Research basis: Prosody and pitch dynamics add secondary information beyond mean F0; weighted lightly (10%) because the product prioritizes sustainable pitch and resonance training over expressiveness alone.

Practice index

When all cues are trustworthy: practice index ≈ (60% × formants) + (30% × pitch) + (10% × intonation), with weights renormalized if formants are excluded. The displayed label is practice index, not a listener judgment. Users who train toward a lower voice see the same internal math reflected toward their chosen target direction.

Personal baselines (on How it works) replace population endpoints when set; re-scoring uses stored metrics without re-running analysis unless the user re-analyzes audio.

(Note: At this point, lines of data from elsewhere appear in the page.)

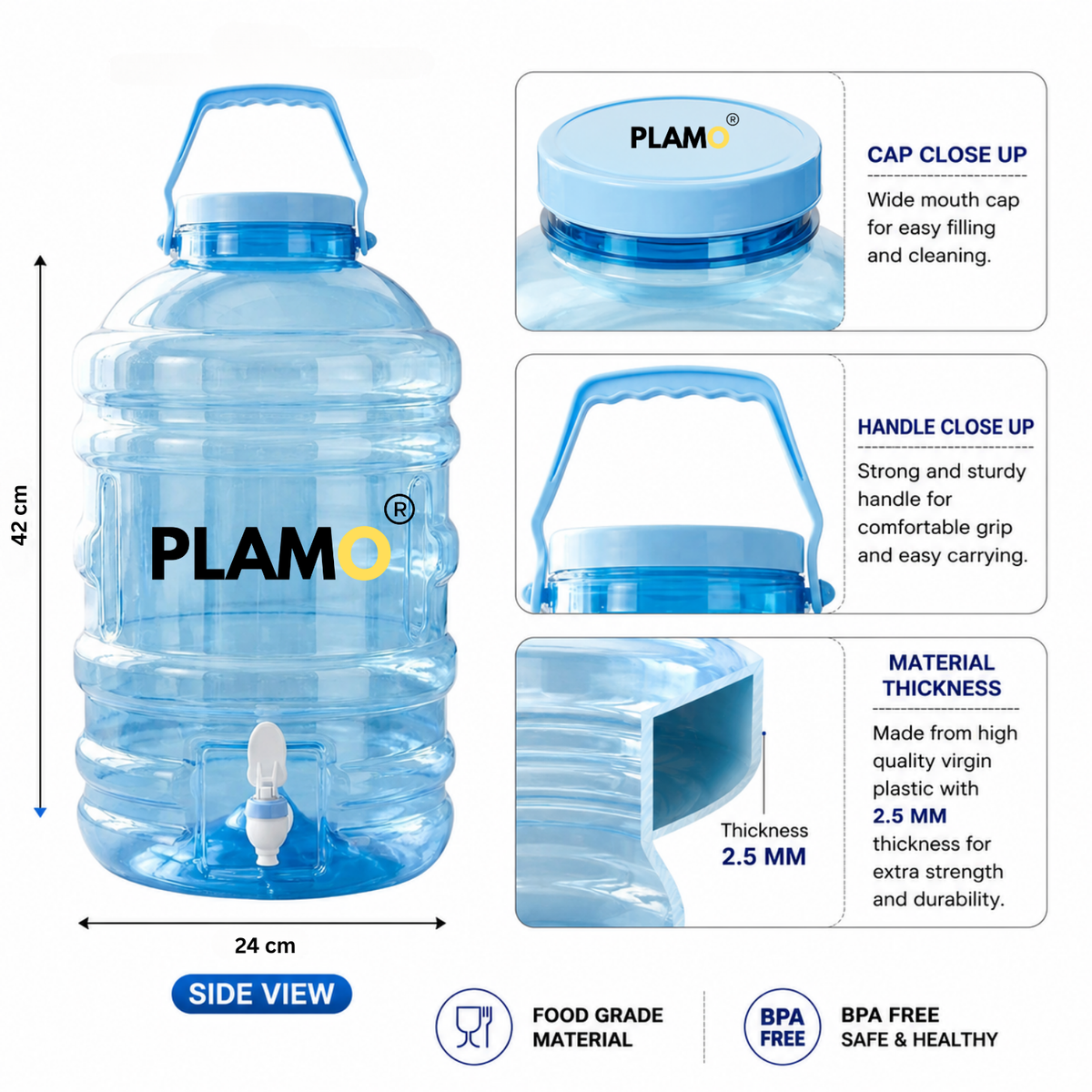 PLAMO Combo 20 Litre Water Dispenser with Tap New Tone Color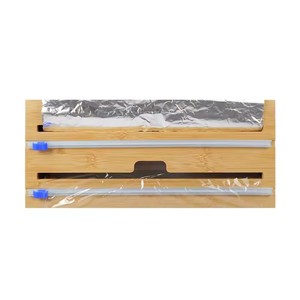 Groothandel Custom <span class=keywords><strong>2</strong></span>-In-1 Compatibele Bamboe Huishoudfolie Dispensers Aluminiumfolie Verpakking Opslag Laden Keuken Opbergdozen - Product Image 4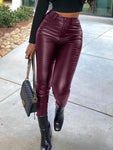 Faux Leather High-Waisted Skinny Pants - Single Button and Zipper Closure for a Sleek and Sexy Look - Alt Style Clothing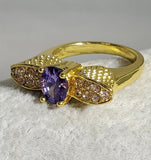 R695 Gold Purple Gemstone Rhinestone Ring - Iris Fashion Jewelry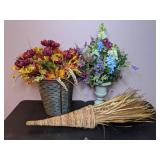 Lot of 3 Artificial Flower Arrangements & Table Decor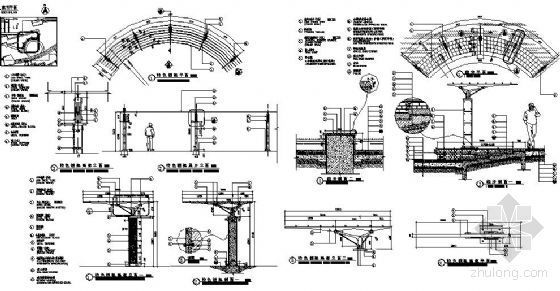 廊架设计详图cad资料下载-弧形休闲廊架节点详图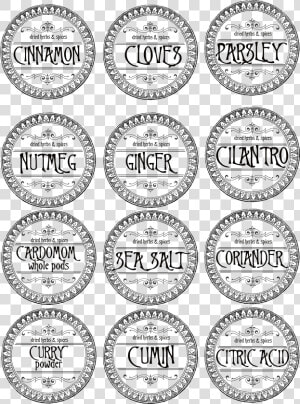 Transparent Herbs Clipart   Printable Herb And Spice Jar Labels  HD Png Download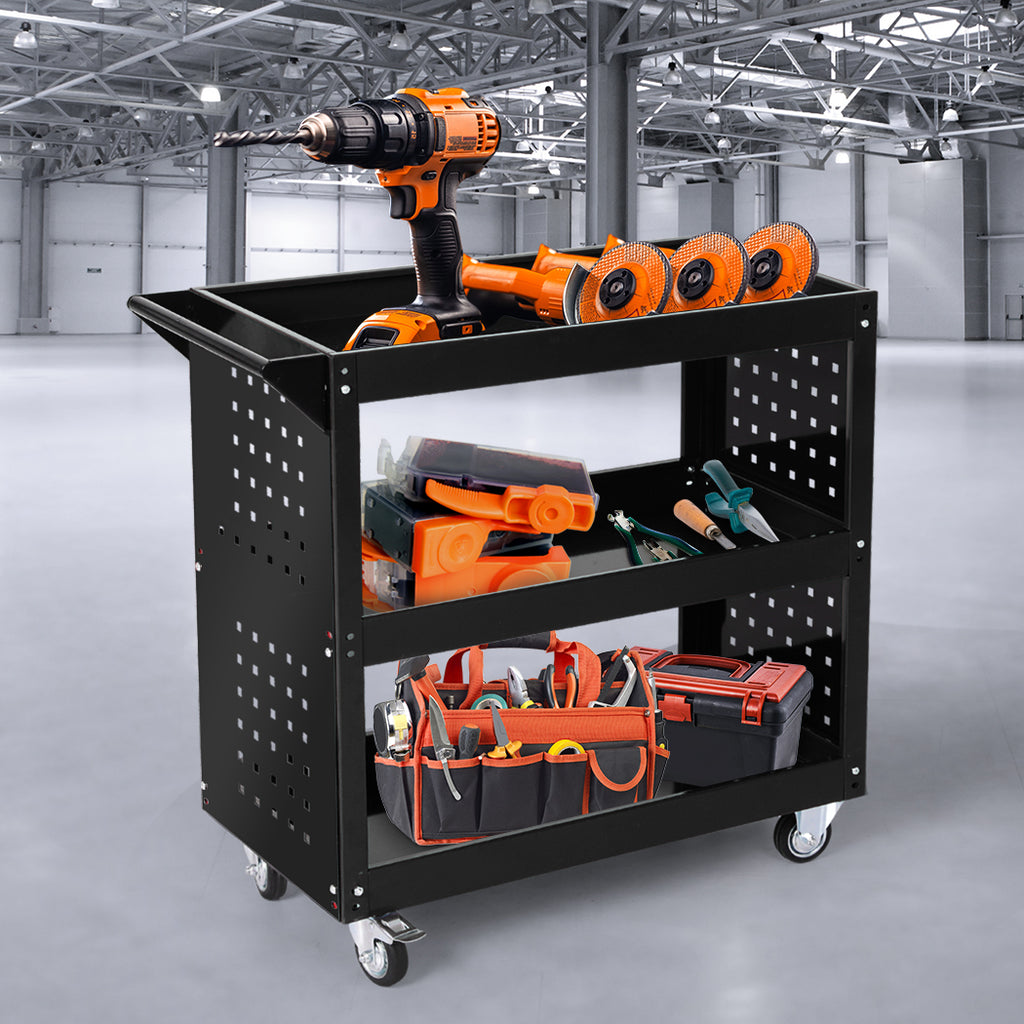 Traderight Tool Trolley Cart 3Tier Toolbox Black-1954802749614985222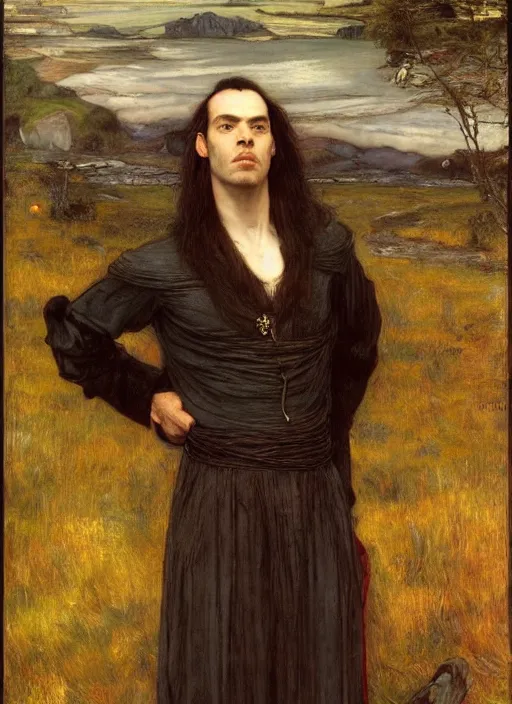 Image similar to a beautiful painting of elrond by John Everett Millais and Dante Gabriel Rossetti and John Collier and john william waterhouse, pre-raphaelite, detailed, trending on artstation, hd, masterpiece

What research supports vs what we chose in software

  • From literature: published vowel anchors (Hillenbrand 1995); listener gender-perception work on F0 and formants (Skuk & Schweinberger, 2014—syllable morphing; Gelfer & Bennett, 2013—connected speech). Our 10% intonation weight is a product choice, not taken from those papers (they did not test pitch σ/range the way this app does).
  • Product choices (transparent, not from one paper’s formula): logistic mapping between anchors; 60/30/10 headline weights; 50/30/20 within formants; IQR trimming and formant-trust gating.

Selected references

  • Hillenbrand, J., Getty, L. A., Clark, M. J., & Wheeler, K. (1995). Acoustic characteristics of American English vowels. Journal of the Acoustical Society of America, 97(5), 3099–3111. (Corner-vowel formant anchors used in VoxAccalia.)
  • Skuk, V. G., & Schweinberger, S. R. (2014). Influences of fundamental frequency, formant frequencies, aperiodicity, and spectrum level on the perception of voice gender. Journal of Speech, Language, and Hearing Research, 57(1), 285–296. doi:10.1044/1092-4388(2013/12-0314) (Isolated syllable tokens, parameter morphing; DOI year 2013, print Feb 2014. F0 strongest single cue; F0 + formants comparable to full morph.)
  • Gelfer, M. P., & Bennett, Q. E. (2013). Speaking fundamental frequency and vowel formant frequencies: Effects on perception of gender. Journal of Voice, 27(5), 556–566. doi:10.1016/j.jvoice.2012.11.008 (Connected speech; formants important especially when SFF is ~145–165 Hz; compared with their isolated-vowel work.)
  • Pitch population means: primaryobjects/voice-gender dataset (engineering reference, not clinical norm data).